Özgür Özel: Kapıyı kırdım, o günden beri stüdyoya giremedik

15 Temmuz darbe girişimi sırasında TBMM'de yaşadıklarını anlatan Özgür Özel, TRT stüdyosunun kapısını kırdığını, ertesi gün aynı stüdyoya davet edildiğini o günden sonra da giremediğini söyledi.

Google Haberlere Abone ol

DUVAR - Siyasette 15 Temmuz gecesi kapı kırma açıklamaları peş peşe geldi. İçişleri Bakanı Süleyman Soylu bugün Yeni Şafak gazetesinde yayınlanan açıklamasında, "Meclis Ana Salonu’nun anahtarlarını istedik. Anahtar getirdiler ama açamadık salonu. Sonra başka anahtarlar geldi o da açmadı. Sonra omuzumla Meclis’in kapısını kanırttım. Aklıma ‘Meclis’in kapısını kırdı’ derler geldi ve durdum. Sonrasında kapıyı açıp Meclis’e girdik” derken CHP Grup Başkanvekili Özgür Özel ise, "kapıyı kırdığını" açıkladı. Özel TBMM'nin dün yapılan ve HDP'li Başkanvekili Nimetullah Erdoğmuş'un yönettiği oturumunda tutanaklara göre 15 Temmuz gecesi ile ilgili anısını şöyle anlattı:

ÖZGÜR ÖZEL (Manisa) - Şahıs devletinin yaptığı, parti devletinin yatığı bir sürprizle karşı karşıyayız. Bugün de TRT yönetim kurulu değişikliği yapıldı. Öyle ki önce yönetim kurulunu 7'den 9'a çıkarıyorlar, sonra mükerrer gazete bastırarak da oraya yeni görevlendirmeler yapıyorlar, yeni koltuklar yaratıyorlar, o koltuklara yandaşları oturtuyorlar. Tabii, bugün TRT F tipi yapılanmadan henüz kurtulmuşken başka bir F tipi yapılanmanın, Fahrettin Altun'un TRT üzerine kurduğu tahakkümün ve pelikan sürüsünün TRT'ye çöküşünü yaşamaktadır. Bunların içinde çok çeşitli isimler vardır ancak Hilal Kaplan Öğüt gibi bugünkü F tipi yapılanmanın oturttuğu, geçmiş F tipi yapılanmaya övgü düzen, övgü düzen cumhuriyetle, kazanımlarıyla sorunları olan…
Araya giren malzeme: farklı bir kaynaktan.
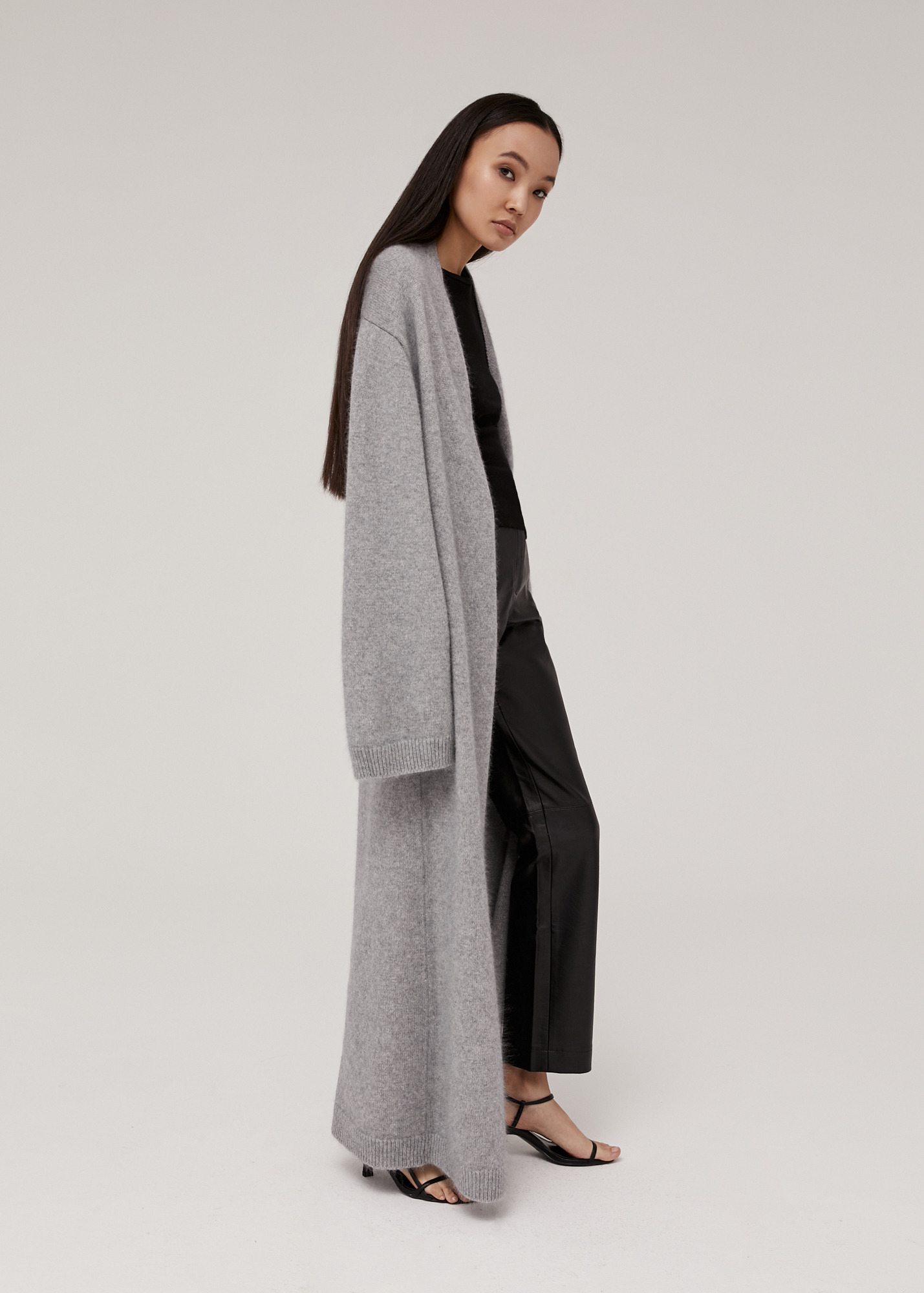 kashwere LONGLINE CARDIGAN ライトグレー kashwere LONGLINE CARDIGAN ライトグレー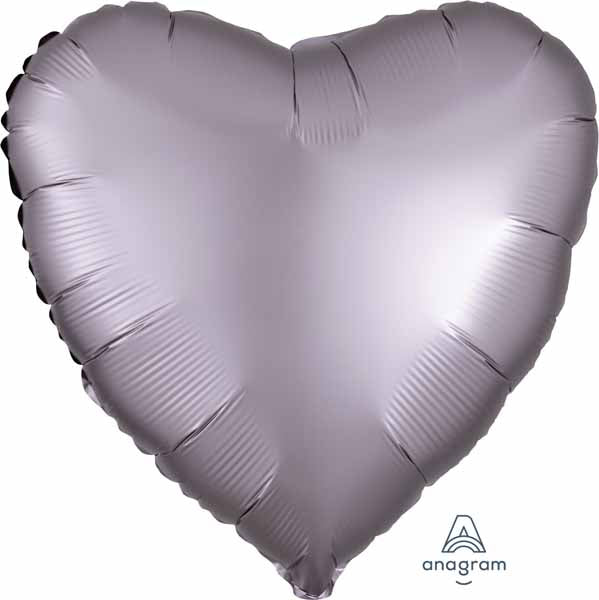 18" Greige Satin Luxe Heart Foil Balloon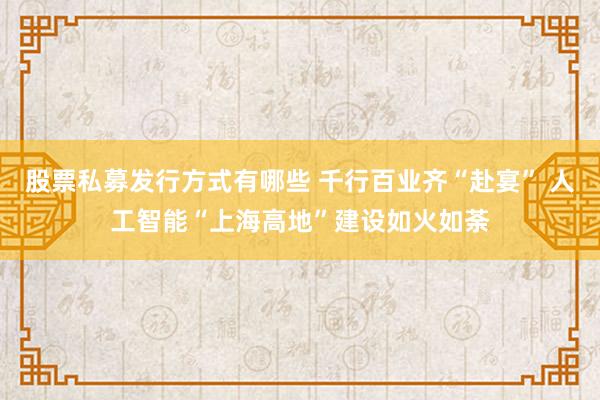 股票私募发行方式有哪些 千行百业齐“赴宴” 人工智能“上海高地”建设如火如荼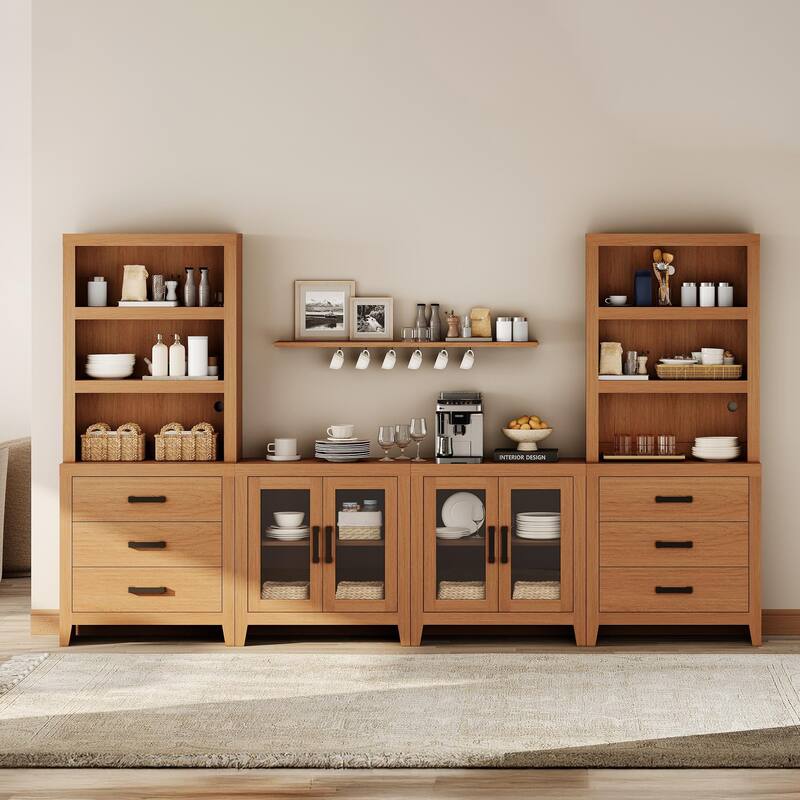 WAMPAT Farmhouse Entertainment Center with Bookshelves, Modular TV Stand with Drawers & Glass Doors - 126"W x 72.2"H x 15.4"D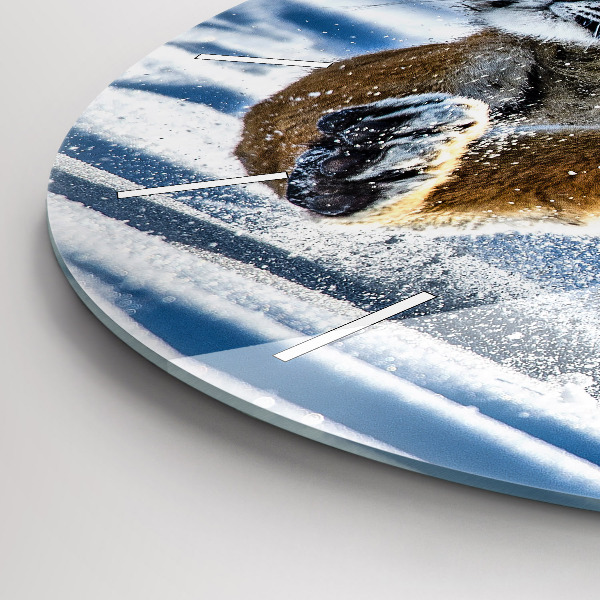 Kulaté skleněné hodiny s fotkou Skákající tygr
(Mikrofon otomatik cihaz tarafından kapatıldı)

BAŞKAN - Buyursunlar Sayın Başkan.

ÖZGÜR ÖZEL (Manisa) - …her muhalif siyasetçiye ağzına geldiği sözü söyleyen, bugünkü Adalet ve Kalkınma Partisinin Genel Başkanı dışında burada grubu bulunan bütün partilerin genel başkanlarına saldıran, geçmişte saldırmış ve bugün saldırmakta olan bir troliçeyi, trollerin kraliçesi troliçeyi oraya atadılar. Bu ayıp, Cumhurbaşkanlığı yönetim sistemine de, bu yeni rejime de yakışan bir ayıptır, tam da nasıl bir rejim içinde olduğumuzu gösteren bir ayıptır. TRT, kamu yayıncılığını terk etmiştir. Hepimizin vergilerinden ödenen, vatandaşın bandrolüyle ödenen maaşları, böylesine trollere, böylesine SETA'ya, pelikan yapılanmasına arpalık hâline getirilmiştir. Cumhuriyet Halk Partisi 2'nci partidir, ana muhalefet partisidir.

(Mikrofon otomatik cihaz tarafından kapatıldı)

BAŞKAN - Buyurunuz efendim.

ÖZGÜR ÖZEL (Manisa) - İktidar partisinin grup konuşmaları a'dan z'ye, baştan sona verilmektedir, bizimki 11 ila 14 dakika, diğer muhalefet partileri de öyle ama MHP'ninki tam verilmektedir, HDP'nin de hiç verilmemektedir. Nasıl bir kurumdur ki bu, neye göre yapıyorsunuz? Sandalye sayısına göreyse, orayı bir saat verenin, Cumhuriyet Halk Partisi 40 dakika vermesi lazım, buna göre oranlanacak ama MHP ile AKP tam, geri kalanlar çok düşük ya da hiç; bu nasıl kabul edilebilir, nasıl izah ediyorlar?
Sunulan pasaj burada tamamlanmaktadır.